**The task:**
Under this line sits a listing. Repeat exactly and only its lines from the one holding "16909 N Bay Rd 116 Property Photo 12" through the one holding "21225 Gulf Dr, Galveston, TX"; skip pictures.

**Records to process:**
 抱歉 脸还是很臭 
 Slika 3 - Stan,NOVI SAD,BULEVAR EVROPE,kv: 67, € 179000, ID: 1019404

---

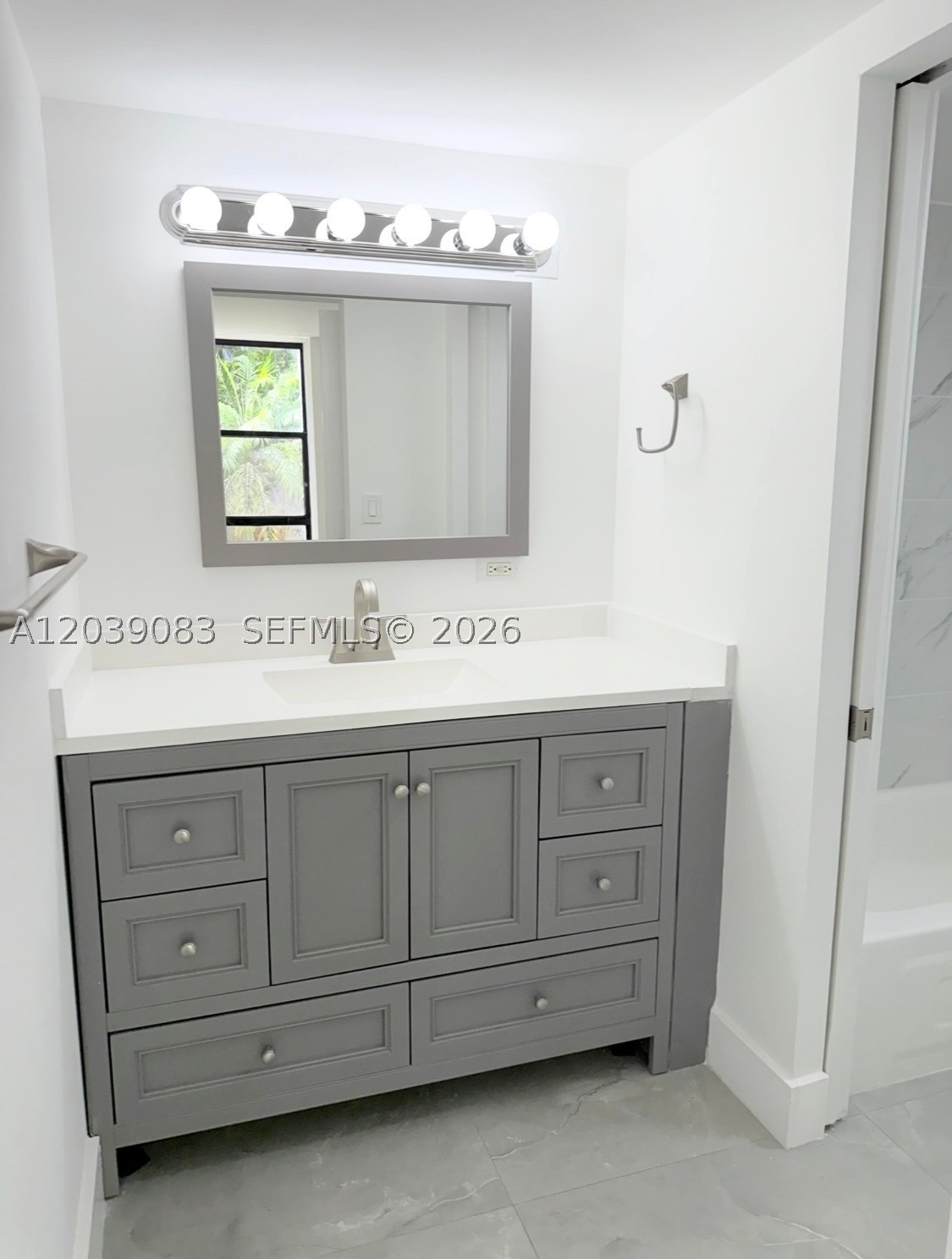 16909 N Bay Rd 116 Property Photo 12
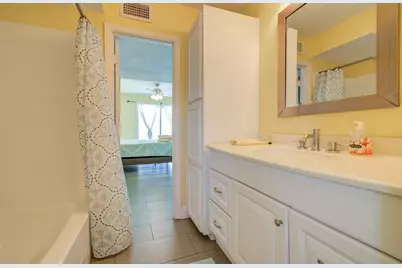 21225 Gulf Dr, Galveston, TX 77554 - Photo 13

**Task result:**
 16909 N Bay Rd 116 Property Photo 12
 21225 Gulf Dr, Galveston, TX 77554 - Photo 13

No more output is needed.